Brief: Leaving out the pictures, return word for word the stretch of entries below from the line holding "foto del prodotto" through the line holding "Whimsical Miss Pink".

Excerpted records:
──────

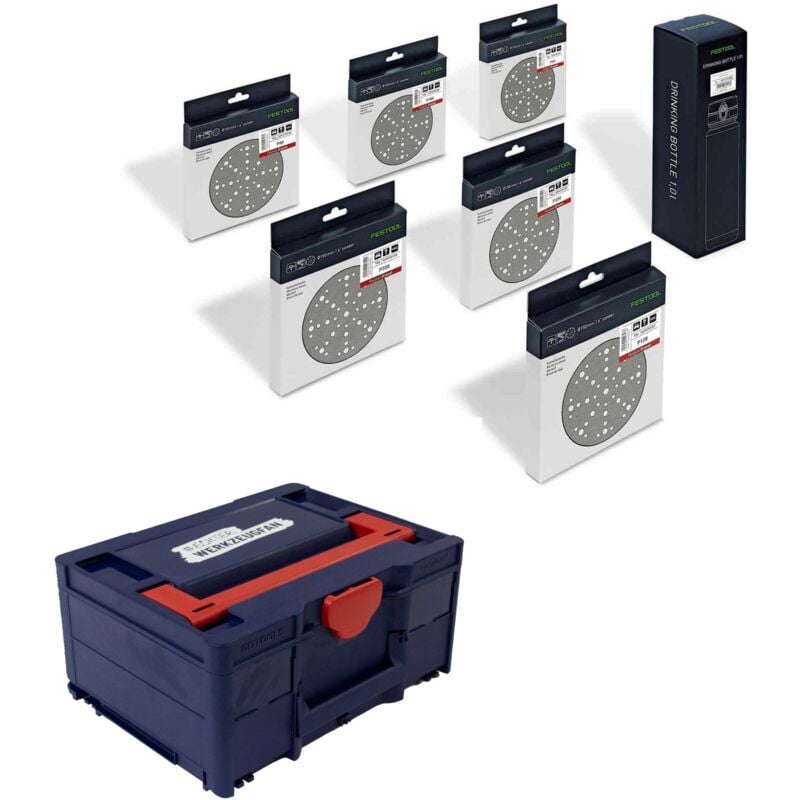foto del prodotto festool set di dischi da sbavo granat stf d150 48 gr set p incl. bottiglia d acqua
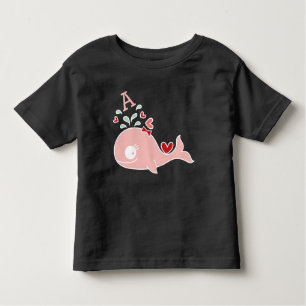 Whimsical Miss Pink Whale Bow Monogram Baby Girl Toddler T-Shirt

──────

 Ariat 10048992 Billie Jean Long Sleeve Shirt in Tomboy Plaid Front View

──────

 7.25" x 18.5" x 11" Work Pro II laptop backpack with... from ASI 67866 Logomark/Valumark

──────

Reply:
foto del prodotto festool set di dischi da sbavo granat stf d150 48 gr set p incl. bottiglia d acqua
 Whimsical Miss Pink Whale Bow Monogram Baby Girl Toddler T-Shirt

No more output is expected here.